Dit-il, on me paiera ce qu’il va m’en coûter.

[70] Jornandès (c. 4, p. 684, 685) raconte les circonstances curieuses de la mort et des funérailles d’Attila ; et il y a lieu de croire que Priscus les a rapportées d’après lui.

[71] Voyez Jornandès, de Reb. getic., c. 50, p. 685, 686, 687, 688. Sa distinction des armes nationales est curieuse et importante. Nam ibi admirandum reor fuisse spectaculum, ubi cernere erat cunctis pugnantem Gothum ense furentem, Gepidam in vulnere suorum cuncta tela frangentem ; Suevum pede, Hunnum sagitta prœsumere ; Alanum gravi, Herulum levi armatura, aciem instruere. Je ne sais point avec précision où est située la rivière de Netad.

[72] Deux historiens modernes ont jeté de nouvelles lumières sur la ruine et la division de l’empire d’Attila : M. du Buat (t. VIII, p. 3-31, 68-94), par ses recherchés exactes et laborieuses ; et M. de Guignes, par son extraordinaire connaissance de la langue et des auteurs chinois. Voyez l’Hist. des Huns, t. II, p. 315-319.

[73] Placidie mourut à Rome le 27 novembre A. D. 450 ; on l’enterra à Ravenne, où son sépulcre et même son corps, assis sur une chaise de bois de cyprès, a été conservé durant plusieurs siècles. Le clergé orthodoxe complimenta souvent l’impératrice, et saint Pierre Chrysologue l’assura que son zèle pour la sainte Trinité avait été récompensé par une auguste trinité d’enfants. Voyez Tillemont, Hist. des Empereurs, t. VI, p. 240.

[74] Ætium Placidus mactavit semivir amens, dit Sidonius, Panegyr. Avit., 359. Le poète connaissait le monde, et n’était point disposé à flatter un ministre qui avait outragé ou disgracié Avitus et Majorien, dont Sidonius a fait successivement les héros de ses chants.

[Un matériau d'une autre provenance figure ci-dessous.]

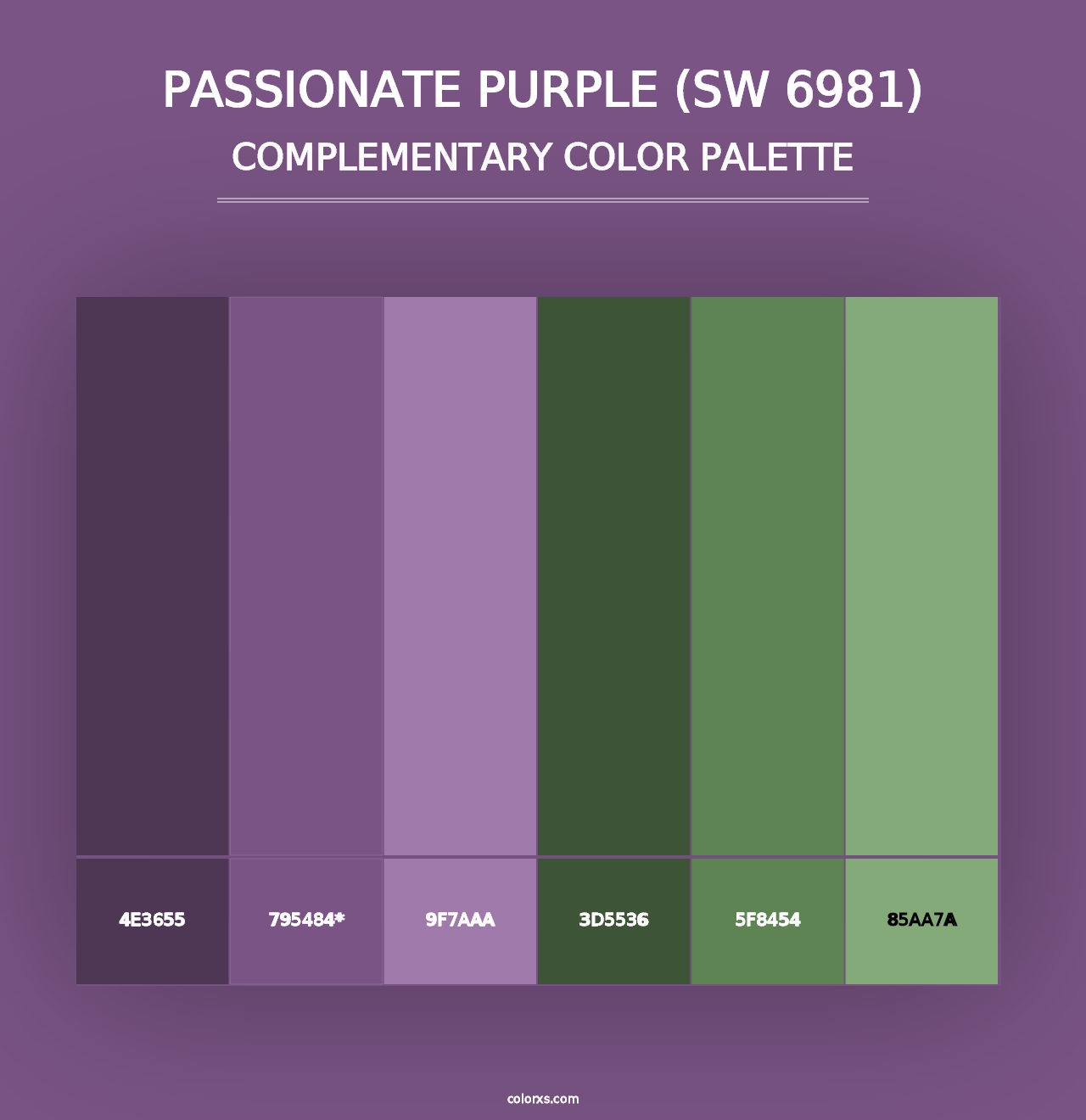 Passionate Purple (SW 6981) - Complementary Color Palette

[75] Relativement à la cause et aux circonstances de la mort d’Ætius et de Valentinien, nous n’avons que des renseignements obscurs et imparfaits. Procope (de Bell. vand., l. I, c. 4, p. 186, 187, 188) raconte fabuleusement tout ce qui est antérieur à son siècle ; il est donc indispensable d’y suppléer, et de le corriger par le secours de cinq ou six Chroniques, dont aucune n’a été composée à Rome ni en Italie, et qui ne peuvent que rapporter sans aucune liaison les bruits populaires répandus en Espagne, en Afrique, à Constantinople ou à Alexandrie.

[76] Cette interprétation de Vettius, célèbre augure, fut citée par Varron dans le dix-huitième livre de ses Antiquités. Censorinus, de Die natali, c. 17, p. 91, éd. Haverc.

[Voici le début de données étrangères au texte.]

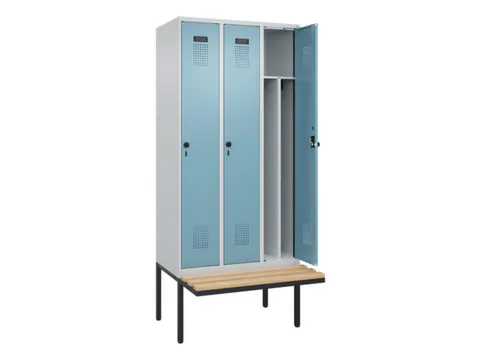 locker met bank,voor scheiding van kleding,HxBxD 2120x900x815mm,3vak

[77] Selon Varon, le douzième siècle devait expirer A. D. 447 ; mais l’incertitude de l’époque véritable de la fondation de Rome peut permettre un peu de délai ou d’anticipation. Les poètes du siècle attestent cette opinion populaire, et leur témoignage n’est pas récusable.

Jam reputant annos, interceptoque volatu

Vulturis, incidunt properatis sœcula metis.

. . . . . . . . . . . . . . . . . . . . . . . . . . . . . .

Jam prope fata tui bissenas vulturis alas

Implebant ; scis namque tuos, scis, Roma, labores.

Voyez DUBOS, t. I, p. 340-346.

[78] Le cinquième livre de Salvien est rempli de lamentations pathétiques à d’invectives véhémentes. Son excessive liberté, prouve également la faiblesse et la corruption du gouvernement romain. Il publia son livre après la perte de l’Afrique (A. D. 439) et avant la guerre d’Attila (A. D. 451).

[79] Les Bagaudes d’Espagne combattirent les troupes romaines en batailles rangées. Idatius en parle dans plusieurs articles de ses Chroniques, Salvien décrit très énergiquement leurs souffrances et leur révolte, De Gubern. Dei, l. V, p. 158, 159.